→ YOUR ASSIGNMENT: Please repeat, exactly and without pictures, the lines of the entries below that run from the one containing "Within the load" through the one containing "That's how you".

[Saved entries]
---*---
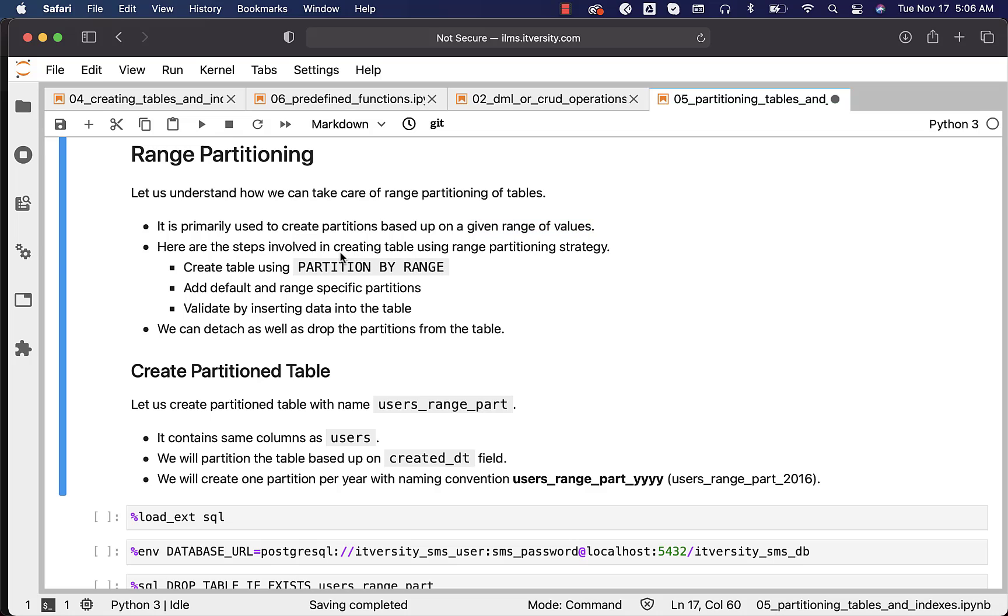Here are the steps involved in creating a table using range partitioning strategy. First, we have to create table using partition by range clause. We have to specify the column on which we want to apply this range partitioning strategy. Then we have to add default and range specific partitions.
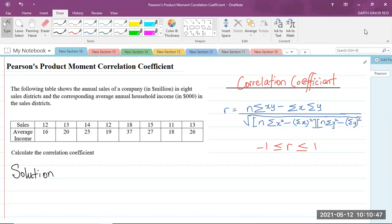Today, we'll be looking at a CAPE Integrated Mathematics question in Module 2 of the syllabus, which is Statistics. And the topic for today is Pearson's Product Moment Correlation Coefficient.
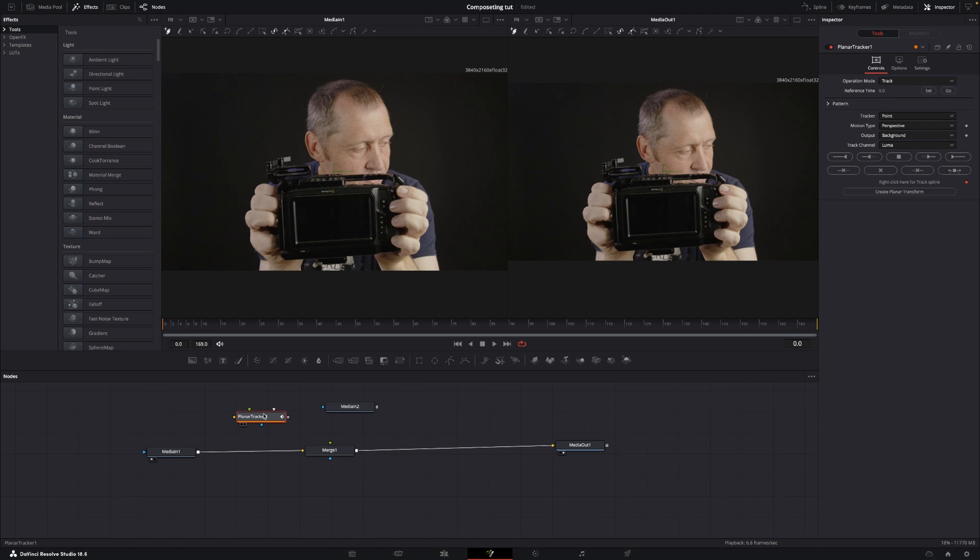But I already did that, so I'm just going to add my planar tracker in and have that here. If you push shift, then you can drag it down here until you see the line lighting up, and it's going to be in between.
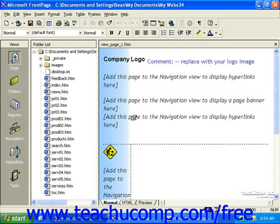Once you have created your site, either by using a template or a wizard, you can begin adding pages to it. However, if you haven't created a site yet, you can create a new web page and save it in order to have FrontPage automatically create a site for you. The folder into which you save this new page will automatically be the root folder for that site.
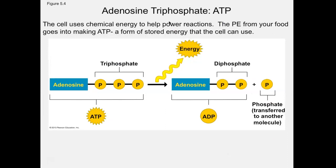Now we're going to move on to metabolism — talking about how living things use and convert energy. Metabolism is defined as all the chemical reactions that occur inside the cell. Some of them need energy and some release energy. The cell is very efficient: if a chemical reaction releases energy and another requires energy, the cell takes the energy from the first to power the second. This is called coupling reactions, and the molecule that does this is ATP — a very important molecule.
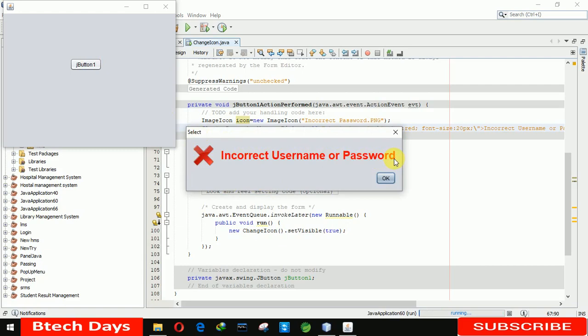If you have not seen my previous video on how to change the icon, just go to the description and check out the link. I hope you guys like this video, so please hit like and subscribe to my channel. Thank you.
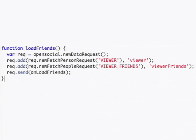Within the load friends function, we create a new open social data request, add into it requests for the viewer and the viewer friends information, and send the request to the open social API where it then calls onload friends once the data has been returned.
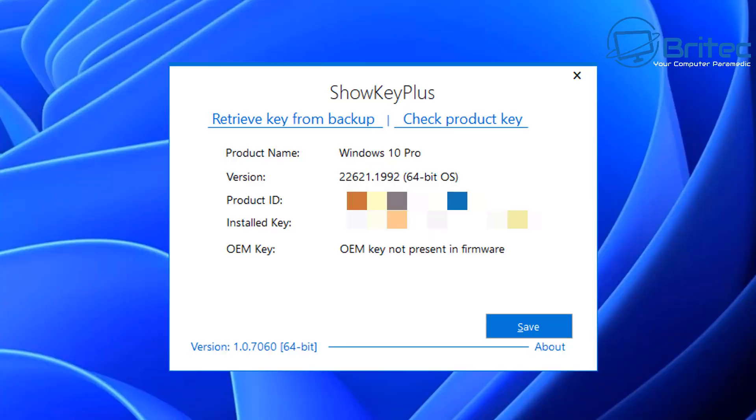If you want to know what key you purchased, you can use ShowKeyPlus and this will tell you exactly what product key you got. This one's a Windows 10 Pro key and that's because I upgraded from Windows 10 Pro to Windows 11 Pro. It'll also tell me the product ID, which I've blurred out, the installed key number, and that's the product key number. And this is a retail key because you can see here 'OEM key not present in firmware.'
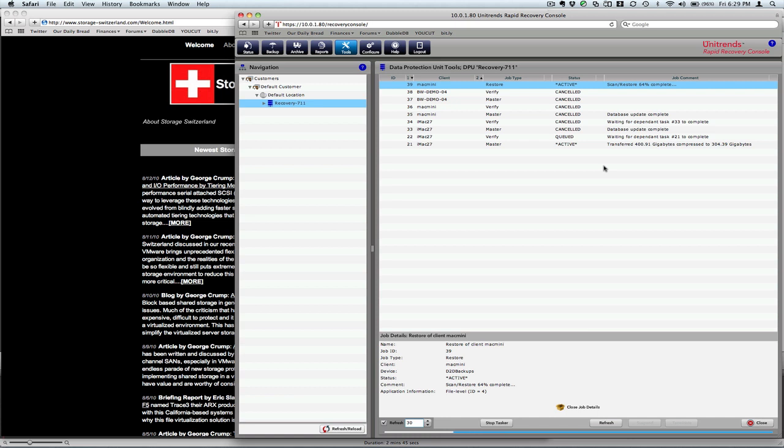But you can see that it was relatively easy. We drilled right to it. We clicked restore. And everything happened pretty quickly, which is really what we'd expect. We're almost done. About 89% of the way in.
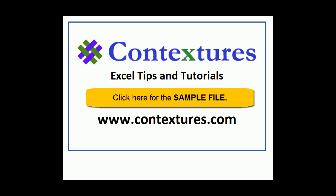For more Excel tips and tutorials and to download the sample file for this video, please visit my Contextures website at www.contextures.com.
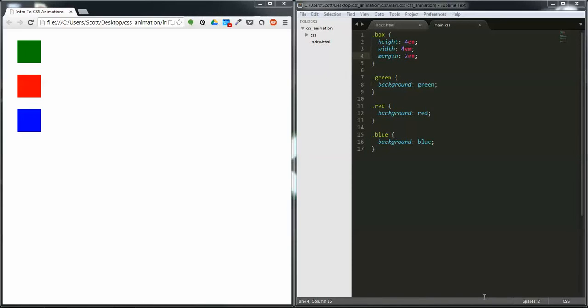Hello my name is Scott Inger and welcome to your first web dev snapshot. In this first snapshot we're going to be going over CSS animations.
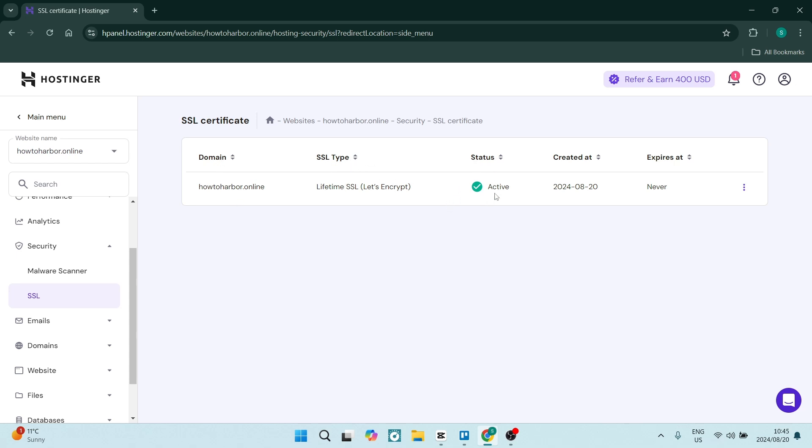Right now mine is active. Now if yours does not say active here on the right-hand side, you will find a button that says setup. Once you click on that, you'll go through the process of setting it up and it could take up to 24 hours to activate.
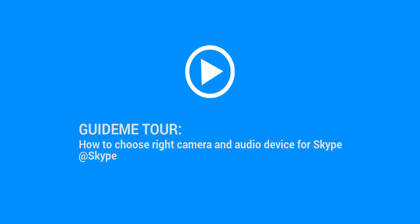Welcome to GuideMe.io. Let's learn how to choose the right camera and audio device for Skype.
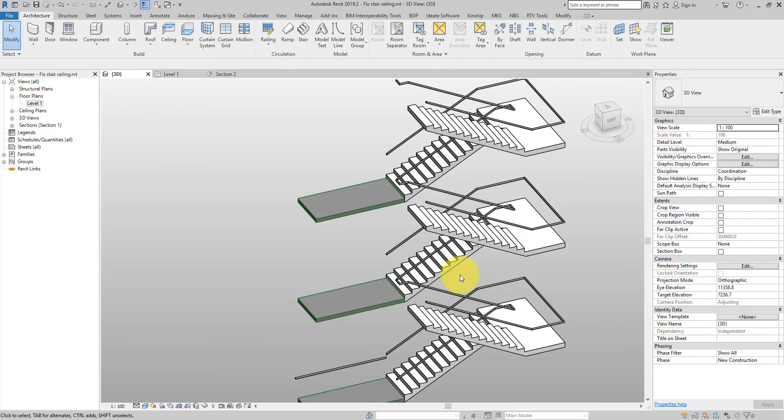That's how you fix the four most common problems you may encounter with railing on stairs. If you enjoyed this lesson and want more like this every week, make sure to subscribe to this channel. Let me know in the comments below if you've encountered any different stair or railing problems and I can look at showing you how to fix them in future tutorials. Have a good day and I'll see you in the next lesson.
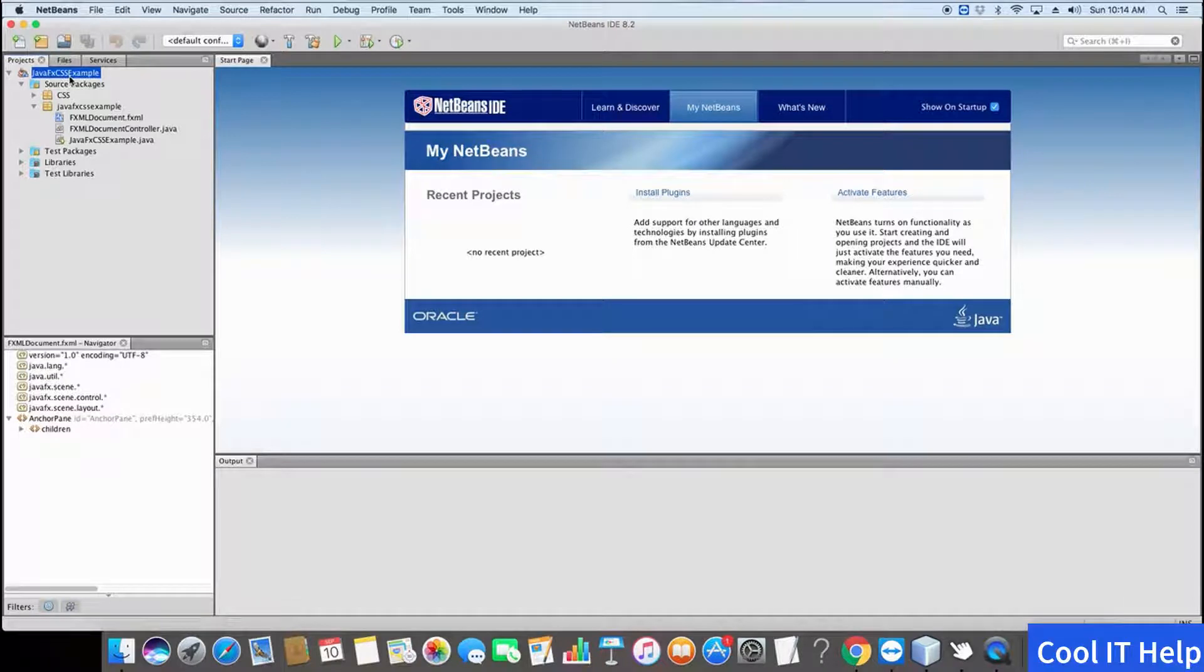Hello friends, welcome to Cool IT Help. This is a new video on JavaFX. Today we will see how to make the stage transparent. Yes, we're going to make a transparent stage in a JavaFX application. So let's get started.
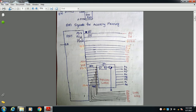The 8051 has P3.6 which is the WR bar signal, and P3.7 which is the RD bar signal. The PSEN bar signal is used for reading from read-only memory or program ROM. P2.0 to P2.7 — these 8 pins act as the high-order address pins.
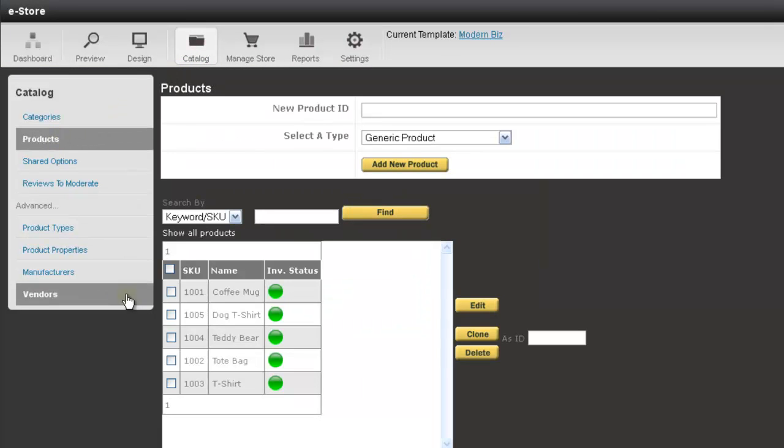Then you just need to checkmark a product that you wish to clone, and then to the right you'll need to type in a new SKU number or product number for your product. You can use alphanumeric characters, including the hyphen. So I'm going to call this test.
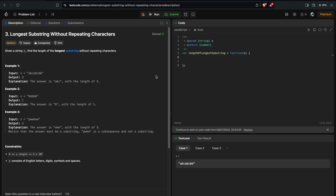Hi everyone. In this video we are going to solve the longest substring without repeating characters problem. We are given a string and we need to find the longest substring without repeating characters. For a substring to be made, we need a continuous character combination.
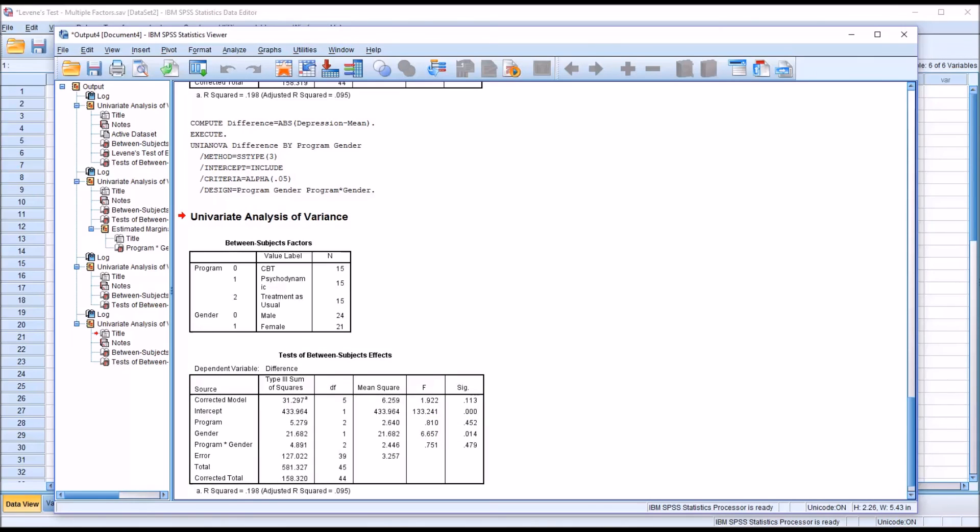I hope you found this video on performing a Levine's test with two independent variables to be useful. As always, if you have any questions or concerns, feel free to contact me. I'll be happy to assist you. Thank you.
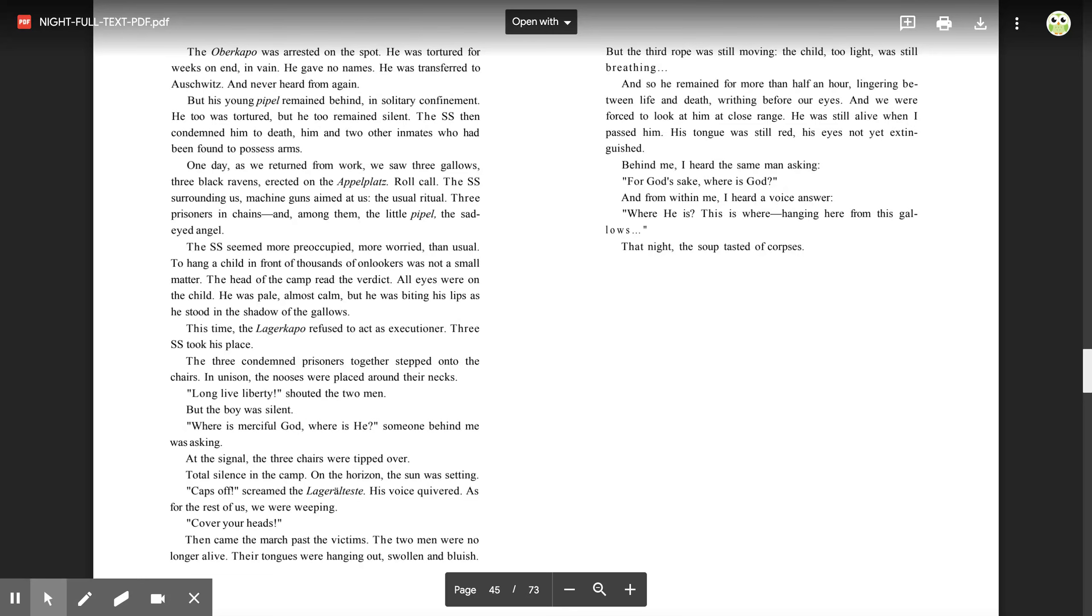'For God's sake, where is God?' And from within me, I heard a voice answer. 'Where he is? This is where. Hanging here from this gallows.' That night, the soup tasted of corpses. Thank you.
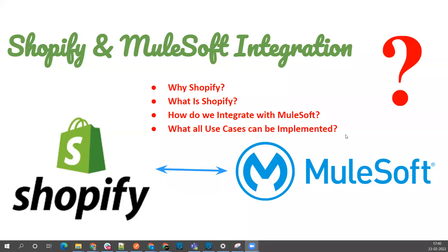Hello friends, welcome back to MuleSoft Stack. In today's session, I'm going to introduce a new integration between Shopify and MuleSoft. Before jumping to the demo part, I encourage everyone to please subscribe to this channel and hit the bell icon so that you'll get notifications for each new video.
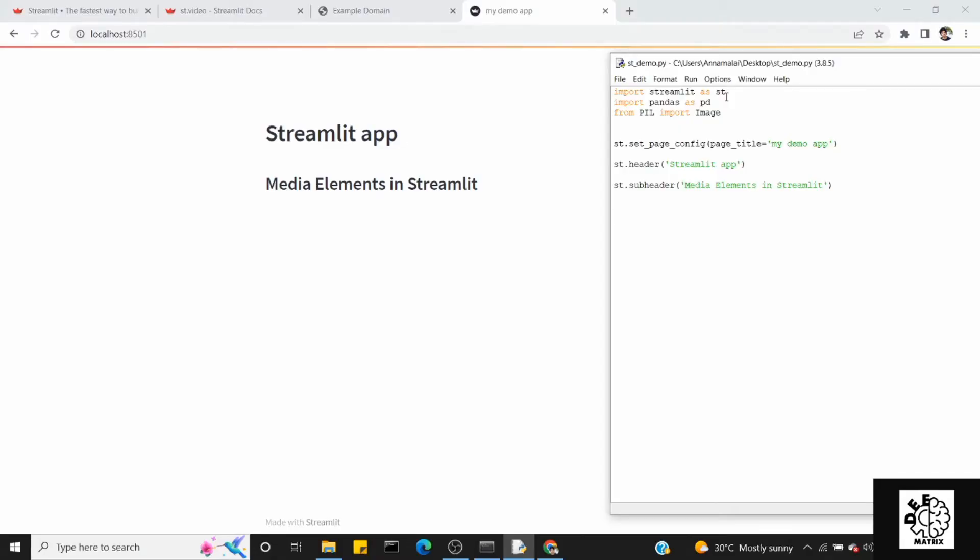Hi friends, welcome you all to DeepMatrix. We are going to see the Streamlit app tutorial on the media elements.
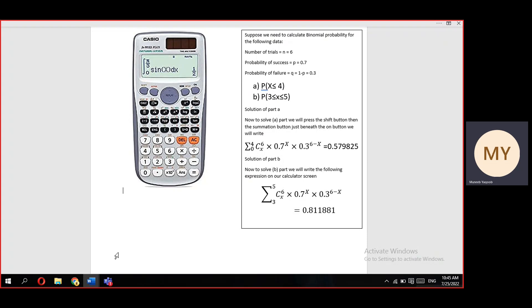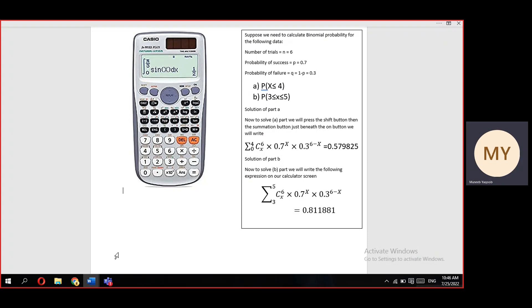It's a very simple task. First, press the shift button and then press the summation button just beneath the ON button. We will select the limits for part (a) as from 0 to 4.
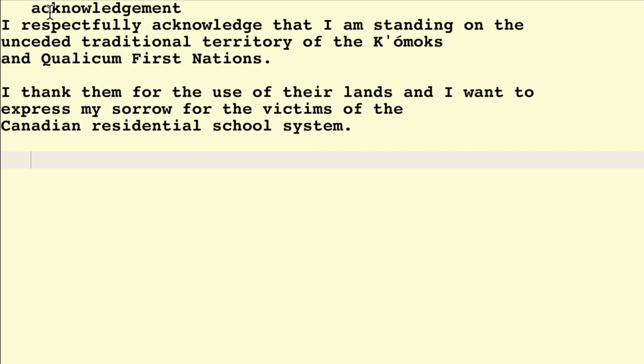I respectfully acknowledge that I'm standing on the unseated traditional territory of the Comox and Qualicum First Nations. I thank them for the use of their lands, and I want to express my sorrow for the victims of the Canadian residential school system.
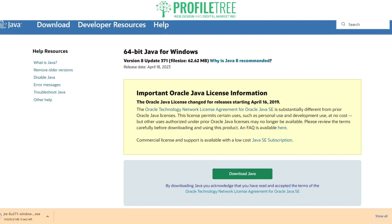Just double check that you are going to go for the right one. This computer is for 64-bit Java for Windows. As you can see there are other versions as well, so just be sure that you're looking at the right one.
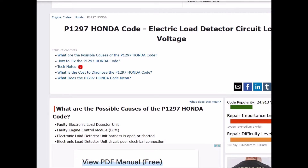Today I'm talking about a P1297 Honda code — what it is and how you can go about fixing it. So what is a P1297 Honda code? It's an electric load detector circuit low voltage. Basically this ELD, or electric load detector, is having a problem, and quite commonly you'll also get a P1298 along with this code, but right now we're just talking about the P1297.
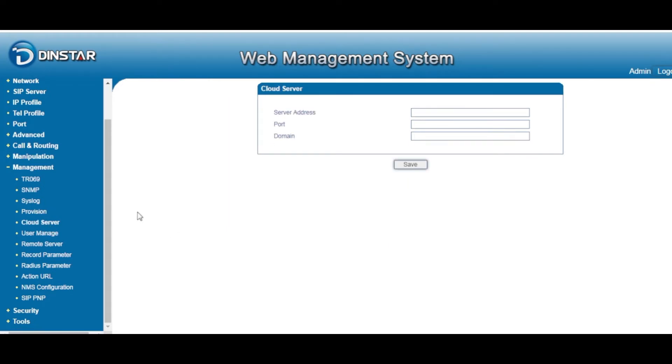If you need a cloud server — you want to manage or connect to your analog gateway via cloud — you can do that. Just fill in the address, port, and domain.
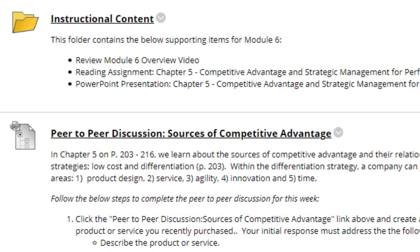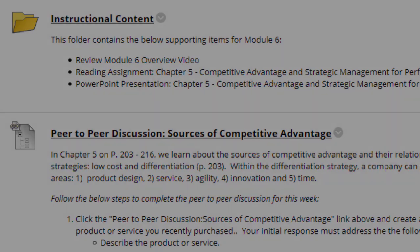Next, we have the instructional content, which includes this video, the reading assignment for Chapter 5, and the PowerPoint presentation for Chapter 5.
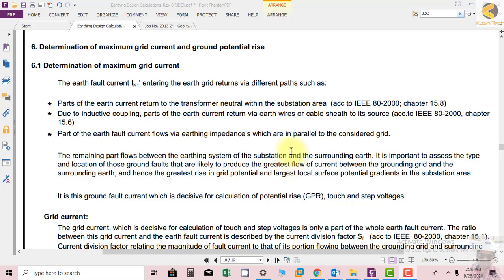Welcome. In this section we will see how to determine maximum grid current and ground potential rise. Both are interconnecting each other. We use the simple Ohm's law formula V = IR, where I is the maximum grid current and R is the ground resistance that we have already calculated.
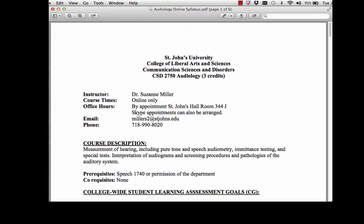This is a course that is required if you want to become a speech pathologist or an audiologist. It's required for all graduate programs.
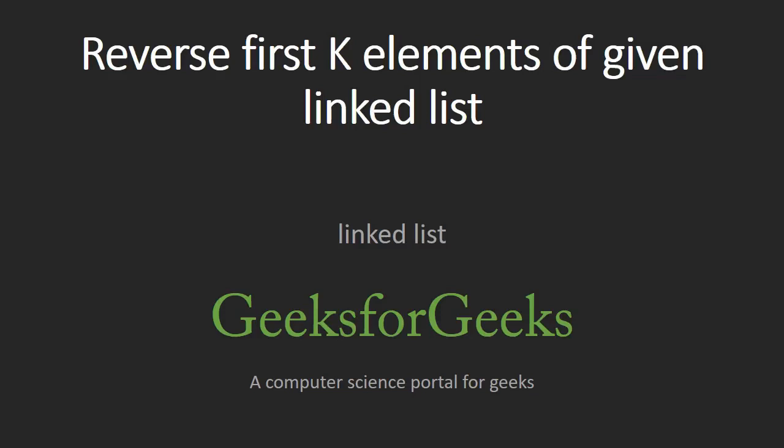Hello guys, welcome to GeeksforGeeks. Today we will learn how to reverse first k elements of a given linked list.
---*---
→ ANSWER:
Within the load friends function, we create a new open social data request, add into it requests for the viewer and the viewer friends information, and send the request to the open social API where it then calls onload friends once the data has been returned.
If you want to know what key you purchased, you can use ShowKeyPlus and this will tell you exactly what product key you got. This one's a Windows 10 Pro key and that's because I upgraded from Windows 10 Pro to Windows 11 Pro. It'll also tell me the product ID, which I've blurred out, the installed key number, and that's the product key number. And this is a retail key because you can see here 'OEM key not present in firmware.'
But you can see that it was relatively easy. We drilled right to it. We clicked restore. And everything happened pretty quickly, which is really what we'd expect. We're almost done. About 89% of the way in.
For more Excel tips and tutorials and to download the sample file for this video, please visit my Contextures website at www.contextures.com.
Hello my name is Scott Inger and welcome to your first web dev snapshot. In this first snapshot we're going to be going over CSS animations.
Right now mine is active. Now if yours does not say active here on the right-hand side, you will find a button that says setup. Once you click on that, you'll go through the process of setting it up and it could take up to 24 hours to activate.
Welcome to GuideMe.io. Let's learn how to choose the right camera and audio device for Skype.
That's how you fix the four most common problems you may encounter with railing on stairs. If you enjoyed this lesson and want more like this every week, make sure to subscribe to this channel. Let me know in the comments below if you've encountered any different stair or railing problems and I can look at showing you how to fix them in future tutorials. Have a good day and I'll see you in the next lesson.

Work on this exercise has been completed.